El tratado de alianza que Filisto se había negado a negociar fue concertado de todas formas por un emisario mesinés de Dionisio y en el verano siguiente los lucanios lanzaron un duro ataque contra los thurios, una colonia griega resurgida medio siglo antes en el lugar en el que había sido destruida Síbaris. Entretanto Léptines había sido enviado con la flota al Tirreno por la zona de Laos. Dionisio, en efecto, le había dicho que sus tropas llegarían por levante a través de las montañas para atrapar en medio a las fuerzas de la Liga que habían invadido el territorio de la amiga Lócride.
Los thurios reaccionaron con gran determinación ante el ataque de los lucanios y cuando vieron que se retiraban hacia las montañas, en vez de esperar al grueso del ejército de la Liga, en camino desde Crotona, se lanzaron en su persecución.
Remontaron el valle del Carax hasta alcanzar la cresta de las montañas y, encontrando el camino expedito, descendieron por la otra vertiente en dirección a Laos, que se alzaba en la costa. Pero una vez que llegaron al pequeño llano entre los montes y el mar se encontraron con una amarga sorpresa. No tenían a los lucanios delante de ellos, sino más bien a sus espaldas. Eran decenas de miles, la fuerza entera de que disponían todas sus tribus, y descendían al valle gritando y enarbolando las armas. Los thurios se dieron cuenta de que habían caído en una trampa y formaron en cuadrado con la falange, preparándose para una resistencia a ultranza. Pero era tal la superioridad numérica del enemigo, que finalmente la batalla se transformó en una carnicería.
Un grupo de unos cuatro mil guerreros consiguió alcanzar lo alto de una colina, donde continuaron repeliendo los ataques de los bárbaros.
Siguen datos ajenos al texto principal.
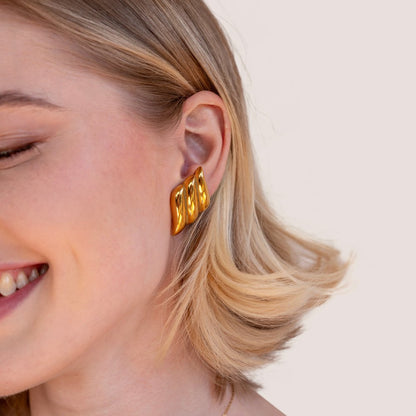 Leonora Wavy Gold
Otros mil, completamente cercados en la playa y sin ninguna posibilidad ya de salvarse, vieron de improviso que aparecía a sus espaldas una flota griega y, tras desembarazarse de las armas, se arrojaron a nado hacia las naves.
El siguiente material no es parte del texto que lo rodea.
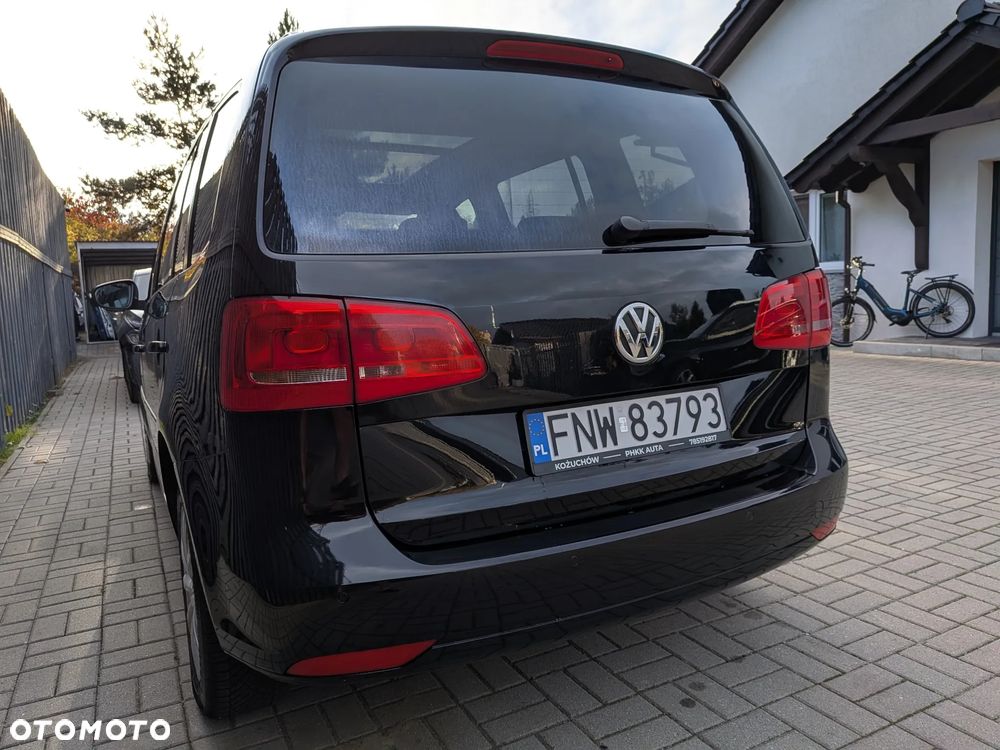 Volkswagen Touran 2.0 TDI DPF DSG Trendline - 6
No era la flota rhegiana, tal como esperaban, sino la siracusana, llegada puntualmente para cerrar la trampa también por mar. Pero a la vista de aquellos pobres desgraciados que sangraban y se debatían en el agua tratando desesperadamente de salvarse, Léptines tuvo un sobresalto. Se dio cuenta de que era un ejército bárbaro el que aniquilaba a los griegos de Thurii en la playa, rememoró por un momento la horrible escena de las tripulaciones cartaginesas delante de Catania que ensartaban a sus marineros mientras trataban de alcanzar a nado la costa y gritó con todas sus fuerzas:
—¡Salvad a esos hombres! ¡Rápido!
Sus oficiales le miraron desconcertados.
—Pero, heguemon, son enemigos…
—¡Son griegos, por Heracles! ¡Salvadles, sacadles del agua, he dicho!
La orden fue transmitida a Yolao que comandaba el ala derecha y al resto de la escuadra, cuyos oficiales no tuvieron ya ninguna duda cuando vieron a la nave capitana izar a bordo a todos los supervivientes que encontraba.
Apenas puso el pie en la cubierta de la Boubaris, un oficial thurio pidió ver al comandante. Le condujeron a proa a presencia de Léptines.
Estaba desfigurado por los golpes recibidos y por el inmenso cansancio soportado. Temblaba por el esfuerzo y casi no conseguía articular palabra.
—Dadle ropas secas ordenó Léptines—. Moveos, por Heracles, ¿a qué esperáis?
—Heguemon… —consiguió decir el hombre a duras penas— ¿Qué harás de nosotros?
Léptines le miró y no tuvo ya dudas.
—Seréis tratados con la consideración que merecen los combatientes valerosos. Y seréis… entregados a vuestras familias.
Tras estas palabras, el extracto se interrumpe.